Tarkovski a adapté Solaris de Stanislas Lem, mon livre de SF préféré. Il a aussi adapté Stalker. J'ai vu Stalker il y a plusieurs années, bien avant de lire le livre. Il est instantanément devenu l'un de mes films favoris (bien plus d'ailleurs que Solaris, à mon sens un peu raté).

L'adaptation de Tarkovski est tout à fait différente du roman, comme souvent le maître a pris ses aises et donné une interprétation personnelle, très mystique, trop diront certains. Ayant lu le roman, je ne suis plus sûr d'aimer autant le film. Car Stalker (NB : le titre original Pique-nique au bord du chemin, est bien meilleur, mais encore une fois les traducteurs français y sont allés de leur grain de sel) réussit un équilibre rare entre les dimensions mystique/ métaphysique, émotionnelle et idéologique/ politique, que n'atteint pas son adaptation.

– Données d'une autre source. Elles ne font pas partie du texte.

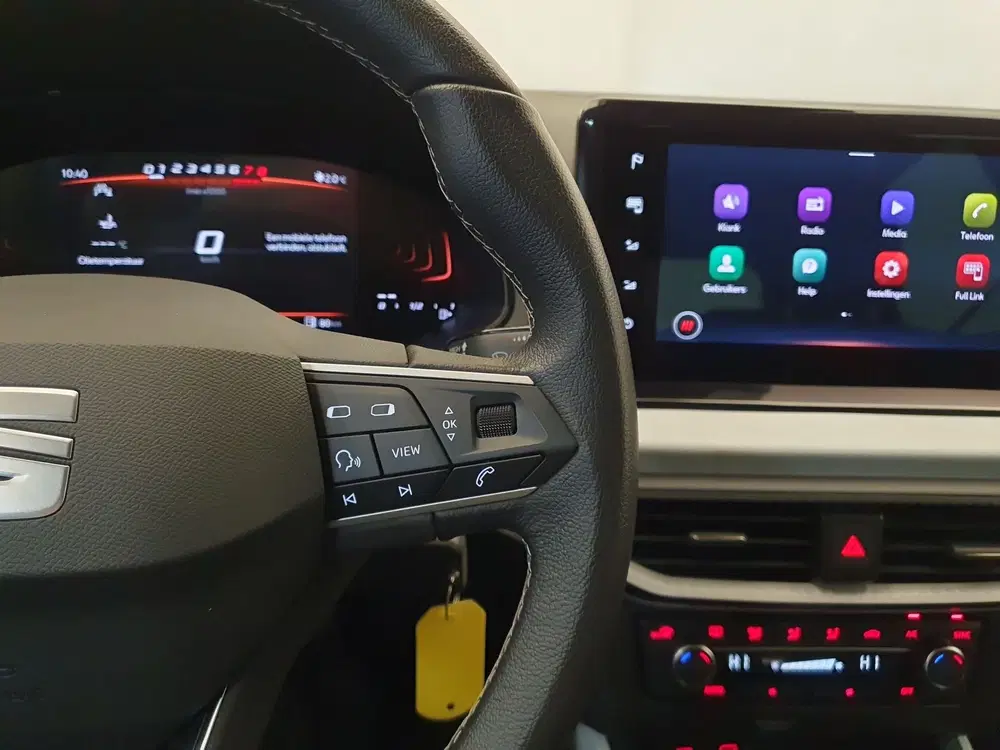 SEAT Arona 1.0 TSI 110pk DSG uit 2024, foto 12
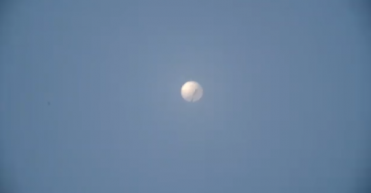 Montana fölött látták, de emberlakta vidék felett nem lövik le a kínai kémléggömböt az amerikaiak 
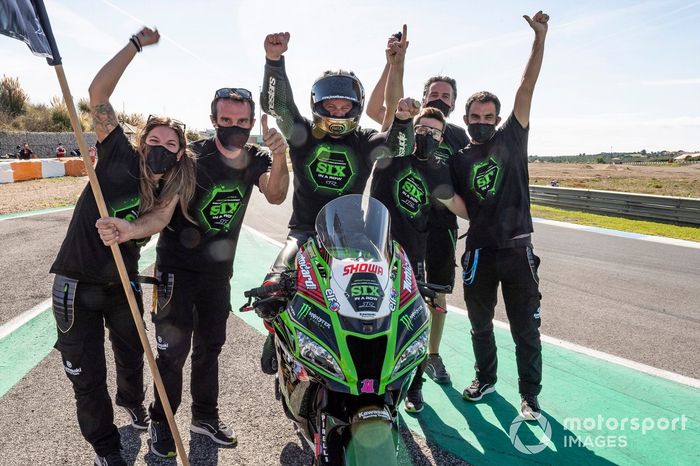 Jonathan Rea, Kawasaki Racing Team Campeón Mundial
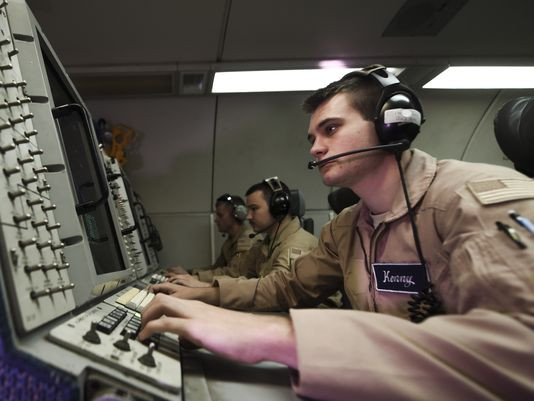 Các sĩ quan không quân theo dõi các cuộc không kích tại Syria. Ảnh: USA Today.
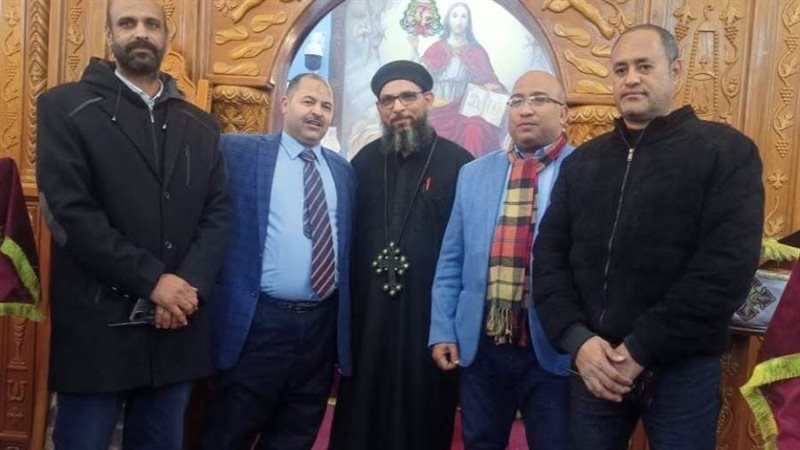 جانب من تقديم التهنئة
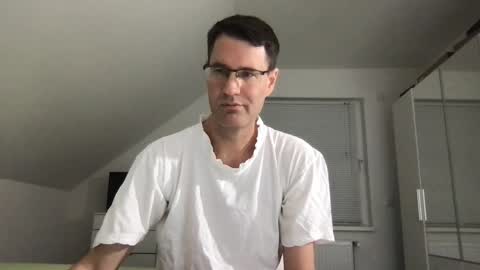 Snapshot of zzz123_cam chatting on 10-31-25, 02:51 zzz123_cam online show from 10-31-25, 02:51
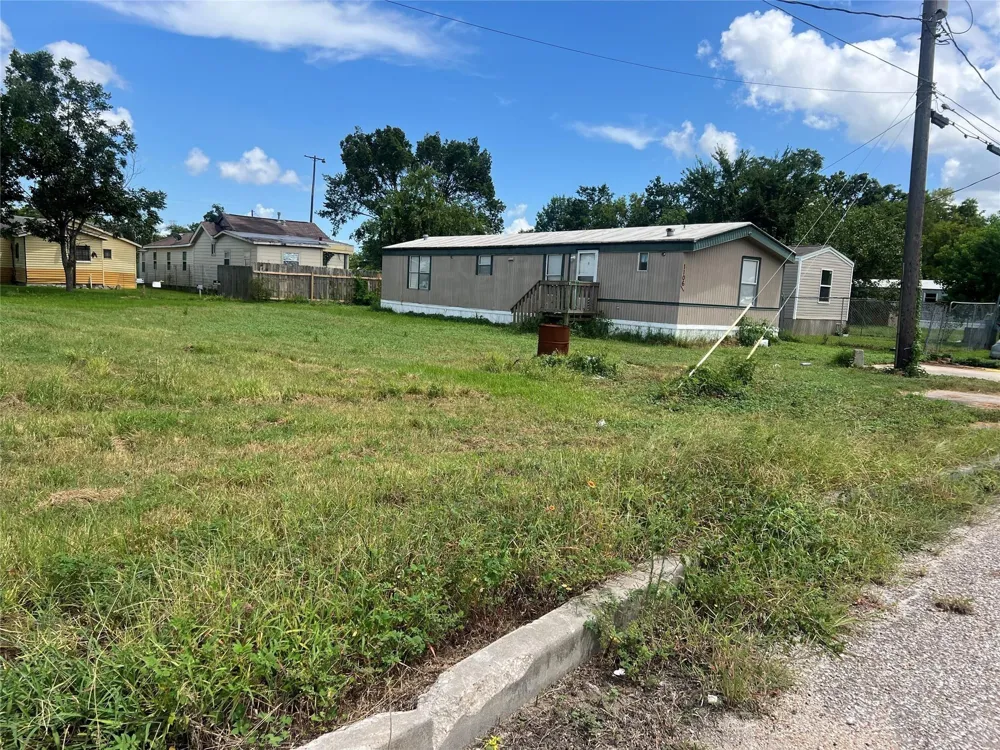 Pine Street Baytown, TX 77520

De plus, le roman se permet de posséder à la fois un concept très fort (des extraterrestres sont arrivés sur Terre et repartis sans interagir avec les hommes, laissant derrière eux des Zones dangereuses peuplées d'objets mystérieux) et des personnages et une histoire profondes, qui tiennent debout d'eux-mêmes.

Stalker est un roman anti-bourgeois et anti-totalitaire à la fois, d'un anarchisme individualiste très russe (les académiques, les dirigeants, les capitalistes et autres profiteurs sont tous renvoyés dos à dos). C'est aussi l'histoire d'un mari et d'un père qui, au contraire de ses semblables, n'a pas l'intention de tout sacrifier à la Zone pour d'utopiques connaissances ou de folles richesses, mais plutôt d'y prendre assez pour vivre et de repartir aussitôt.

Les frères Strougaski reprennent la lubie et le thème majeur de Lem : si d'autres intelligences existent dans l'univers, soit nous ne les comprendrons pas soit elles ne s'intéresseront pas à nous (comme nous ne comprenons ni nous intéressons guère aux autres êtres vivants qui peuplent cette Terre alors même qu'ils sont si proches). C'est donc un roman anti-humaniste dans le bon sens du terme, qui déchoit l'Homme de la place centrale qu'il s'est lui-même accordée dans l'univers.

Les Strougaski l'avaient compris : si nous en sommes "arrivés là", ce n'est pas par un manque mais par un trop-plein d'humanisme, par une croyance trop grande en nous-mêmes. Il ne s'agit pas de tout arrêter et de retourner dans nos grottes, juste de faire descendre de quelques degrés notre ego. Et cela, un Stalker le fait très bien.